Data listing START

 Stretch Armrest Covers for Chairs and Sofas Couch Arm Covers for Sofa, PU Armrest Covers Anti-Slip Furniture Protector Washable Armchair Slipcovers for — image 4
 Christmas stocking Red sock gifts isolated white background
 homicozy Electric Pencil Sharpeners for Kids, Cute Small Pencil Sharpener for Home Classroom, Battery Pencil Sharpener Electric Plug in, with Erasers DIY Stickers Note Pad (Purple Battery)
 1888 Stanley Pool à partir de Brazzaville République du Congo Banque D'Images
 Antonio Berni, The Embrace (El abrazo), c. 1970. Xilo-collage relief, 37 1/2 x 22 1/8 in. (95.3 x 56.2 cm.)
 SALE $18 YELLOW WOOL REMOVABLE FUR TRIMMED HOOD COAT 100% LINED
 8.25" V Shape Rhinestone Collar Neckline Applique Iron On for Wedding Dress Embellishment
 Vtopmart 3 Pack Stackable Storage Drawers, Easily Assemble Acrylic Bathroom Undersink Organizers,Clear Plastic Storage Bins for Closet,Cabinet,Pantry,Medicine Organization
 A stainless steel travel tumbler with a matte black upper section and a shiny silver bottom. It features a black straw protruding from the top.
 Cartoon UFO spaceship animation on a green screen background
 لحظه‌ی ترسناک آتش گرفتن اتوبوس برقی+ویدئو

Data listing END

* **Goal of the exercise**
Count how many lines of the entries contain the word "background", and respond with that count only.

* **Response below**
2